Dans le sud du Mexique, les Mayas défendent leur territoire contre l’extractivisme « énergétique ». L’implantation de parcs éoliens et solaires ne tient pas compte des droits ancestraux et des connaissances du peuple maya sur son territoire. En réponse à cette situation, les Mayas s’organisent au sein de leurs communautés pour exiger davantage de connaissances et de participation à ce type de projet. À l’instar de l’extraction du bois et de la production de fruits au Canada et au Chili, au Mexique, l’effet le plus immédiat de la construction de parcs éoliens et solaires est l’impossibilité pour les habitants des communautés mayas de maintenir leur relation quotidienne et spirituelle avec leurs territoires. Néanmoins, certains groupes ont commencé à développer des stratégies pour récupérer leurs connaissances territoriales.

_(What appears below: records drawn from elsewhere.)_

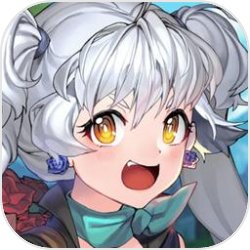 露娜编年史R 露娜编年史R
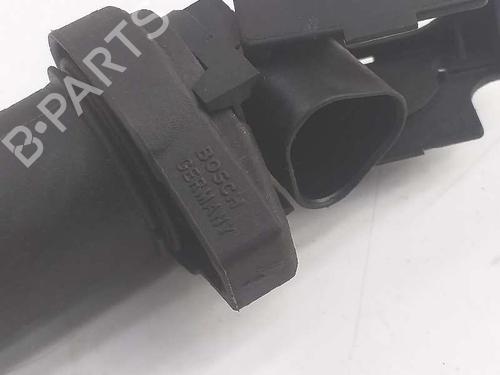 Ignition coil CITROËN C4 Coupe (LA_)  | BP6113648M94 
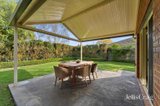 https://images.listonce.com.au/custom/160x/listings/13-garden-court-lake-gardens-vic-3355/485/01899485_img_07.jpg?1dGPxkUfMUY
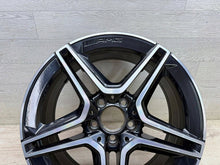 Load image into Gallery viewer, 1x Alufelge 18 Zoll A1774011500 Mercedes-Benz W177 Rim Wheel FEL4084319411nq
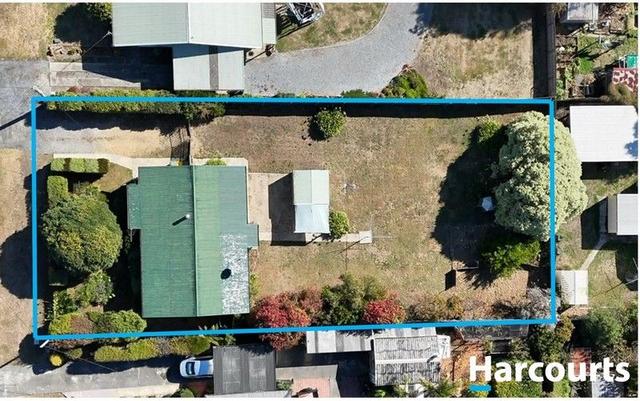 46 Napier Street, TAS 7270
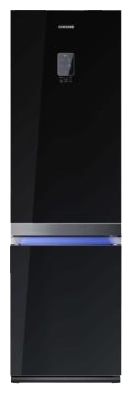 Samsung RL-57 TTE2C1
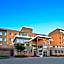 Residence Inn by Marriott Denton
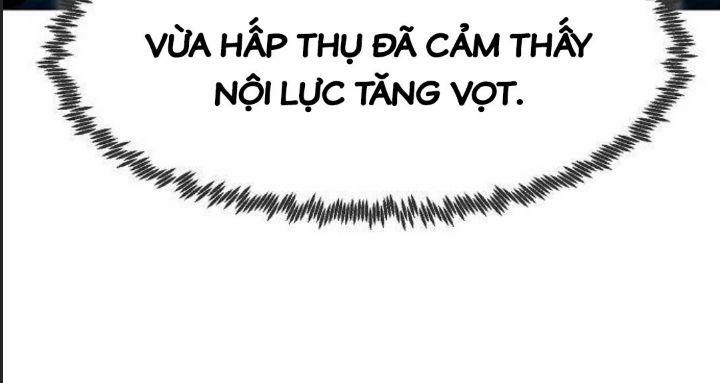 Đường Gia Kiếm Thần 27 trang 27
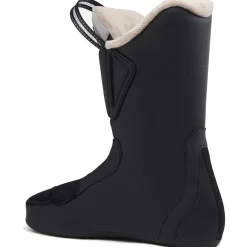 Chaussures Femme<Lange Chaussures de Ski Concept 8.5 W Gw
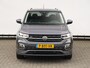 Volkswagen T-Cross 1.0 TSI R-Line 110PK DSG | Navigatie | Cruise control | Camera | Led | Parkeersensoren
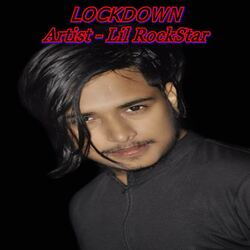 Lockdown-OyEicjMIeVk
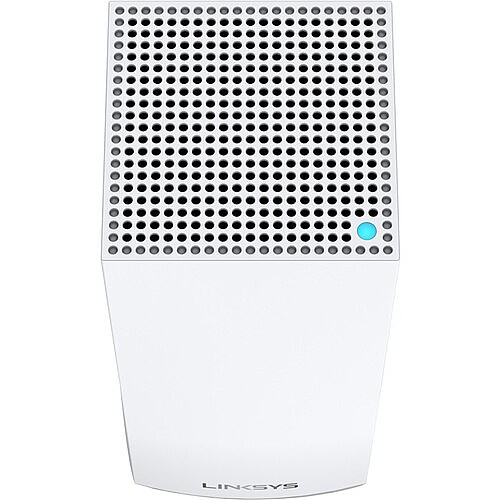 ����� Linksys Velop MR9000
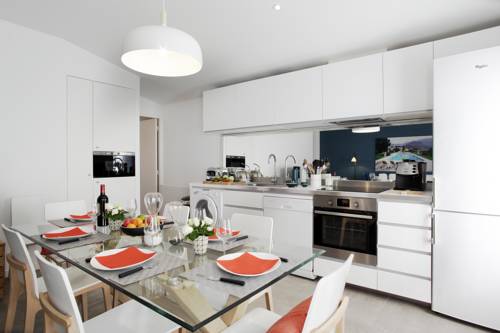 Bordeaux France code promo hôtel booking.com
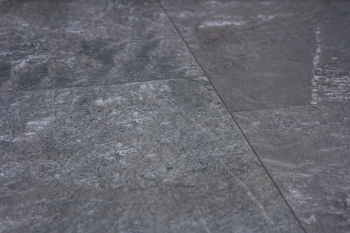 ����������� ���� Ceramin Neo 2.0 Stone Mineral Slate ���. 40813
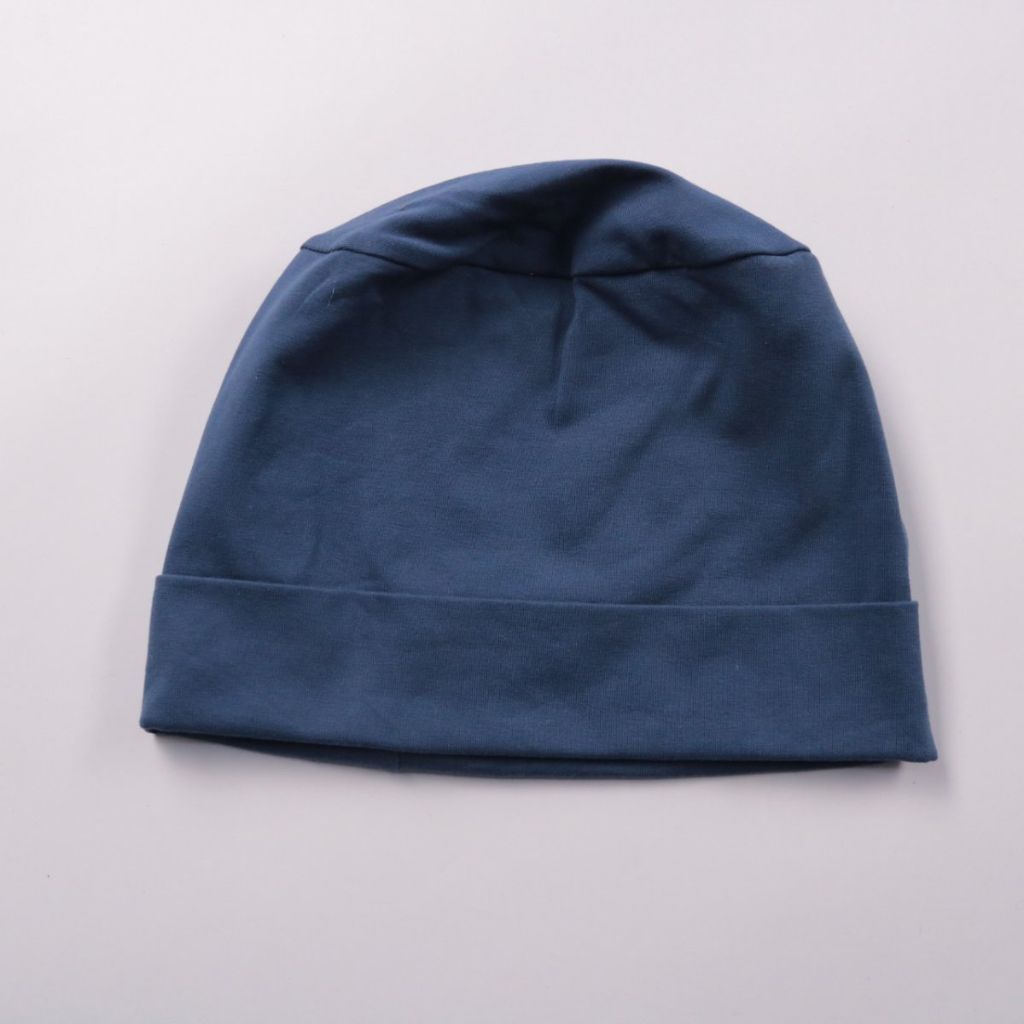 шапка Mooihoofd.nl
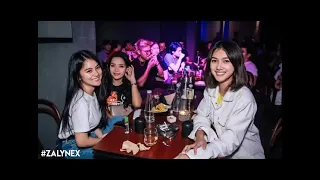 ada sayang ada pompaa jungle dutch terbaru 2020 full bass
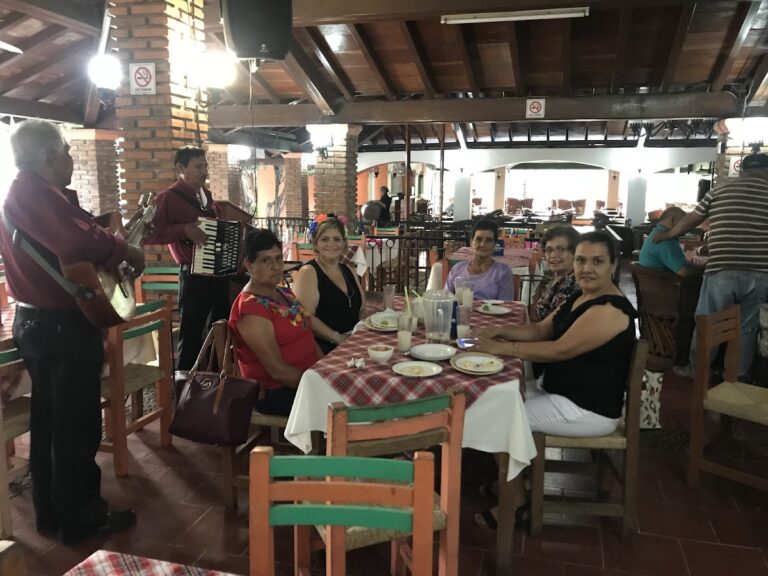 694 campestre fundador 768x576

Les cas présentés lors du colloque sur l’extractivisme confirment le manque de protection de l’État sur les territoires ancestraux, mais aussi la violation des normes nationales et internationales sur les droits des autochtones par les représentants des entreprises extractives. Les activités extractives rendent invisibles les autres usages possibles des territoires et le rôle des peuples autochtones dans la préservation de l’environnement. Dans ce contexte, les peuples atikamekw nehirowisiw, mapuche et maya tentent de récupérer leurs connaissances territoriales afin de les transformer en pédagogies décolonisantes conformes à leurs propres épistémologies. Pour atteindre cet objectif, il faut une solidarité externe et une unité entre les familles et les communautés autochtones. C’est là que réside le succès de la participation des membres de l’équipe PSÉA à ce type d’espace scientifique.